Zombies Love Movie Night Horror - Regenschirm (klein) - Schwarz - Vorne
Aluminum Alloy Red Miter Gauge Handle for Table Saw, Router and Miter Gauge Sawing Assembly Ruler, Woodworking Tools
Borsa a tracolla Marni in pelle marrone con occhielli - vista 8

Brief: Please reproduce every line shown above, exactly as written.

Solution to this task:
Zombies Love Movie Night Horror - Regenschirm (klein) - Schwarz - Vorne
Aluminum Alloy Red Miter Gauge Handle for Table Saw, Router and Miter Gauge Sawing Assembly Ruler, Woodworking Tools
Borsa a tracolla Marni in pelle marrone con occhielli - vista 8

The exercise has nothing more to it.